From top: Katherine Paterson, Nikki Grimes, and Kate DiCamillo.

It would be hard for an author to turn down a book signing at the meeting of the American Library Association in their home base of Chicago — maybe almost as hard as it is for a reader to turn down the opportunity to go.

Last Saturday I joined hundreds weaving in and out of the bright colors of publishing house displays where prolific writers sat greeting and chatting.  Assistants passed them names to inscribe in books while they listened to stories of how much they and their work are loved.

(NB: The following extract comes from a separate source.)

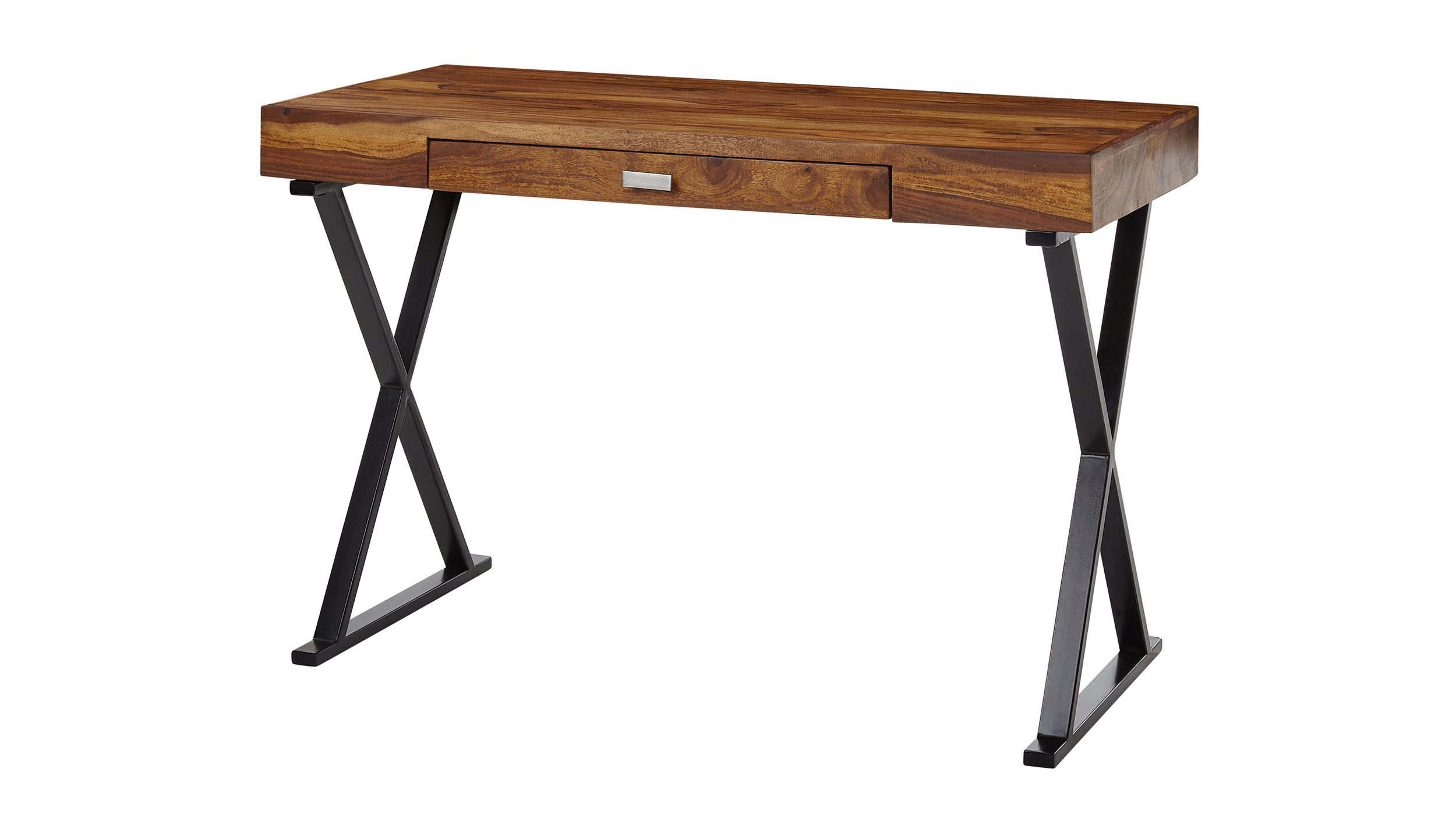 Schreibtisch Schublade Sheesham massiv lackiert - SOLVIG Schreibtisch Schublade Sheesham massiv lackiert - SOLVIG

Katherine Paterson, whom I consider the Dean of Fiction, says that reading can be “a key to a secret garden, which if tended, will transform all of life.”  Her Bridge to Terabithia as well as Jacob I Have Loved, Newbery winners for the best in children’s literature, have helped young people accomplish that goal.  Growing up in a missionary family in China, her own work in Japan and experiences as a pastor’s wife have given her insight.  She says, “Characters walk into my imagination and begin taking over…”

Nikki Grimes’ poems and novels have earned both the Coretta Scott King and Laura Ingalls Wilder Awards.  Born in Harlem and raised in family and foster homes, Grimes says she is grateful she lived to tell about growing up.  A high school English teacher guided her to her career, and her many books include Thanks a Million, Jazmin’s Notebook, Words With Wings (poetry), and a brand new one based on Psalm 121 and illustrated by Bryan Collier, The Watch.

Kate DiCamillo thinks herself “enormously lucky” because she gets to tell stories for a living.  She has also won the Newbery Award twice, for The Tale of Despereaux and Flora and Ulysses, which, like her other books, center around animals.  They include the popular Because of Winn-Dixie and The Tiger Rising.

A series of unfortunate events led me to arrive after the line to see Lemony Snicket (Daniel Handler), had been cut off.  I’m sure if anyone would appreciate that downer, it would be him.  Up-and-coming authors who in due time will surely share honors were autographing books in other aisles.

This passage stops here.